15. The user terminal of claim 14, wherein the verification data further includes a signed copy of the root hash information encrypted using a secret key, and

the processor verifies integrity of the original root hash information using a previously acquired public key and the signed copy and then compares the verified original root hash information with the calculated root hash information.

16. The user terminal of claim 12, wherein the verification data further includes location data of each leaf node in the K-d-B tree and axis-specific neighbor data including x-axis next location data and y-axis next location data of the location data, and

the processor verifies completeness of the index DB on the basis of continuity between location data included in the searched leaf node and the axis-specific neighbor data.

17. The user terminal of claim 16, wherein the verification data further includes the axis-specific neighbor data being signed using a secret key, and

when the query is a range query, the processor verifies the completeness of the index DB by checking whether all axis-specific neighbor data included in the verification data is outside of a range corresponding to the range query.

18. The user terminal of claim 12, wherein the query includes at least one type of an exact-matching query, a range query, and a k-nearest neighbor (k-NN) search query and receives the query result in response to the at least one type.

19. A method of indexing blockchain transaction data by an index server, the method comprising:

indexing two-dimensional (2D) location data in transaction data stored in a blockchain network in block units as a K-d-B tree;

constructing partial Merkle trees for a group of leaf nodes in the K-d-B tree and storing hierarchical hash information based on the partial Merkle trees in each of nodes of the K-d-B tree;

when a query related to the location data is acquired from a user terminal, searching the K-d-B tree to search a query result corresponding to the acquired query;

generating verification data for verifying the searched query result on the basis of the partial Merkle trees and the hierarchical hash information; and

providing the query result and the verification data to the user terminal to verify integrity of the query result using the partial Merkle trees and the hierarchical hash information by the user terminal.

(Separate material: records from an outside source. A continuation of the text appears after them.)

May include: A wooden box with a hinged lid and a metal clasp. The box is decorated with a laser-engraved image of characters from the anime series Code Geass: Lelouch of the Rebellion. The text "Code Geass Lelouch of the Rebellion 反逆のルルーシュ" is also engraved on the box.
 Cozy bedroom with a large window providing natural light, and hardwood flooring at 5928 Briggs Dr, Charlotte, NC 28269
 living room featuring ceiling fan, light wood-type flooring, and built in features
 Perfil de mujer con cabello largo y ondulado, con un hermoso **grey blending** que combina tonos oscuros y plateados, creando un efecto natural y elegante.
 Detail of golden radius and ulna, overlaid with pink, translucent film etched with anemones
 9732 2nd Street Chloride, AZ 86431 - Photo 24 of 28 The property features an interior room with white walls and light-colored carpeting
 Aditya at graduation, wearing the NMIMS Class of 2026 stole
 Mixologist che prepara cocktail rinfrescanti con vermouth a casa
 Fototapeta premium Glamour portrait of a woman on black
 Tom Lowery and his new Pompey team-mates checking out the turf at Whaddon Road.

20. The method of claim 19, wherein the generating of the verification data comprises generating the verification data including nodes visited during a search process, uppermost hash information of nodes other than the visited nodes, construction-related information of a partial Merkle tree of a searched leaf node in the query result, and original root hash information, by the user terminal,

calculating root hash information of the K-d-B tree using the partial Merkle tree of the searched leaf node and the hierarchical hash information and to verify the integrity of the query result on the basis of the original root hash information.